A key confounding factor is, however, the presence of anemia per se. In addition, aging and age-related disorders may have a clinical impact on iron overload in MDS. It is well established that chronic anemia is associated with adverse cardiac outcomes.[29] Anemia triggers a compensatory process of increased cardiac output to achieve sufficient oxygen delivery, which overtime results in maladaptive cardiac morphology. Malign remodeling has a higher metabolic demand, which is pro-ischemic and overtimes leads to chamber dilatation and failure. Cardiac remodeling is prevalent in individuals with transfusion dependence and reduced mean haemoglobin levels.[30] Furthermore, in MDS, anemia has been shown to be associated with left ventricular hypertrophy, exacerbations of acute coronary syndromes, and coexistence of renal disease, which in turn may result in decreased erythropoietin (EPO) production and increasing severity of anemia.[29,30] Moreover, transfusion therapy causes abrupt changes in cardiac preload, which leads to altered haemodynamic.
Data from MRI studies of patients with MDS do not support a role for high-volume iron accumulation in the heart.[31] Our study,[32] conducted on 27 chronic transfusion dependent patients with acquired anemias revealed that only 3 patients with severe hepatic iron overload (T2* <1.4 ms) showed cardiac T2* value indicative of dangerous myocardial iron deposition as defined in young patients with thalassemia.[33] It should be noted that these studies are small, and the comparisons have been drawn against functional thresholds, established in thalassemia, but not validated in MDS. Similarly, thresholds for tissue toxicity and consequent fibrosis and cirrhosis have not been established in MDS cohorts. It is conceivable that iron may play a different role in these patients, and perhaps not cause damage through the traditional paradigm of transfusional siderosis. A more recent study reporting on a larger patient series[34] did detect iron overload using T2* values in 18.2% of regularly transfused MDS patients, with severe overload in 4% (T2* ≤10 ms). They reported reduced T2* values correlated with compromised left ventricular ejection fraction (LVEF) using echocardiography.
These data, taken together, suggest that, although iron infrequently accumulates to the degree seen with iron-related target organ damage in thalassemia, its mild overload is still associated with poor prognosis in patients with MDS. A mechanistic illustration of disordered calcium handling and multiple ion channel disruption as a result of iron influx into the cardiac myocyte is shown in figure 2.
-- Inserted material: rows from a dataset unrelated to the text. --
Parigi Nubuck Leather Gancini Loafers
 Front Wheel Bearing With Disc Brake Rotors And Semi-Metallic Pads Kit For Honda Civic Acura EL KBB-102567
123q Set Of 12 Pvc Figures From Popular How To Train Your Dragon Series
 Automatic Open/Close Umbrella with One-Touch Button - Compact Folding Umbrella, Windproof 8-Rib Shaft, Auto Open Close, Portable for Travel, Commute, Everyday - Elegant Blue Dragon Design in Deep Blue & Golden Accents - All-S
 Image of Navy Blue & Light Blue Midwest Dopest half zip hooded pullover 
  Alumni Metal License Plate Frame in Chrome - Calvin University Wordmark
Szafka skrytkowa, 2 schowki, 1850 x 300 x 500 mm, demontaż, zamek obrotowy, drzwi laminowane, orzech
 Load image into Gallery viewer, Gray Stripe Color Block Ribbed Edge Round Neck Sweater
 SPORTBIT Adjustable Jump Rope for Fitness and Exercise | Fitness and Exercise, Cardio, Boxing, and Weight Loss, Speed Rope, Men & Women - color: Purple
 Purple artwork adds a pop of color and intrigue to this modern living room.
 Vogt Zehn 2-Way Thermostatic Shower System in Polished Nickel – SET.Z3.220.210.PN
Figure 2 Figure 2. Mechanistic illustration of disordered calcium handling (and in turn excitation-contraction coupling) and multiple ion channel disruption as a result of iron influx into the cardiac myocyte, with generation of dangerous reactive oxygen species.

There are two possible explanation of this effect: 1) lower, not detectable, levels of iron accumulation can have dangerous clinical negative effect
2) circulating “reactive iron species - free iron forms” in myocyte cells can damage without clear evidence of overload.

MDS and other Diseases

MDS has been the last “iron overload” disease to be included in iron chelation therapy program. Several of the evidence on the clinical impact of iron toxicity and iron overload come from other diseases like thalassemia major and hereditary hemochromatosis. However, these other diseases are characterized by deep clinical differences (age, comorbidity, functionality of stem cell, anemia, non proliferative diseases, gastro intestinal iron absorption, life expectancy, etc.). Consequently MDS patient is a completely different clinical scenario whose characteristics in term of tissue and organ morbidity, quality of life, therapeutic options and finally survival is completely to be “de novo“ designed. Table 1 describes few of the various differences between MDS and the other iron overload disease. 

Figure 2 Table 1. Different pattern of iron overload in different diseases.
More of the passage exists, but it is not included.